The relationship between management theory and organisations is the same relationship. Management theory studies organisations. Organisations do something. Management theory interprets. Organisations do something else. Occasionally the theory is applied — a framework is imported, a methodology is adopted — and the organisation changes, and the change looks like the theory was correct, and this is the Mimoid property at its most insidious: the fact that applying a framework causes changes that the framework predicted does not demonstrate that the framework understood the organisation. It demonstrates that the recording surface has been inscribed onto the territory. The map has been laid on top of the land, and now the land, where you can see it, matches the map, but this is not the same as the map being accurate. It is the map asserting itself.

The consultants know this, or they would know it if they read Lem, which they don’t, because they are too busy reading each other. They arrive with frameworks. They diagnose using frameworks. They prescribe using frameworks. And when the prescription fails — when the agile transformation does not transform, when the squads do not squad, when the matrix produces the exact paralysis that the matrix was supposed to prevent — the failure is attributed not to the framework but to the implementation. “The framework is sound. You didn’t execute it properly.” This is the Solarist’s defense against every negative result: the ocean is comprehensible in principle; we simply haven’t found the right classification yet. The library grows. The ocean is unchanged. The researchers go on reading.

There is a moment in Solaris where Kelvin considers the possibility that the ocean has been studying the humans all along, that the formations are not responses but experiments, that the scientists are the specimens and the ocean is the scientist. Lem does not confirm this. The possibility just hangs there, unresolable.
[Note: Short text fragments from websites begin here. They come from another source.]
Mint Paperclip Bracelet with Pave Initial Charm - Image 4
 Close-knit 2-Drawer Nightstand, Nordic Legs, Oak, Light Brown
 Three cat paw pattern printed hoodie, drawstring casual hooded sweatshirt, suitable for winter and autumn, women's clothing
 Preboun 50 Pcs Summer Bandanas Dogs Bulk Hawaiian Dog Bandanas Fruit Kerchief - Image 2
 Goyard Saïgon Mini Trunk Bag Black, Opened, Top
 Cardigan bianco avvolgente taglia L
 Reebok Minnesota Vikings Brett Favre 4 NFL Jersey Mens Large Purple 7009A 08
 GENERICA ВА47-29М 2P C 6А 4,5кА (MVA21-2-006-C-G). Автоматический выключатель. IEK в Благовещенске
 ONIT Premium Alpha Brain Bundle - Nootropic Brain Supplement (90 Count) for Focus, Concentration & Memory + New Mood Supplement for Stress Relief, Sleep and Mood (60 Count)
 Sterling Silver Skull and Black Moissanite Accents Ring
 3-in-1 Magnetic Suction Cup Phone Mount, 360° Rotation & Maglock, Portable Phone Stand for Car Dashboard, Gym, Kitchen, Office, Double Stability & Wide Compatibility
There is an equivalent possibility in management theory, and it is this: that organisations are not the object of study but the medium in which the study propagates. That the frameworks do not describe organisations but are produced by organisations — that the two-pizza team, the matrix, the squad, the OKR, the agile manifesto are not tools for understanding organisational life but are formations that organisational life produces, mimoids that rise from the surface and look like understanding without containing it, and that the consultants and theorists and authors who believe they are studying the ocean are themselves formations the ocean produced, and the library they are building is not a record of the ocean but another production of the ocean, and the distinction between observer and observed was never real, and the whole enterprise of management theory — the journals, the conferences, the bestsellers, the certifications — is a symmetriad of enormous scale, rising and collapsing and rising again, architecturally precise and internally consistent and utterly, magnificently, uncontactable.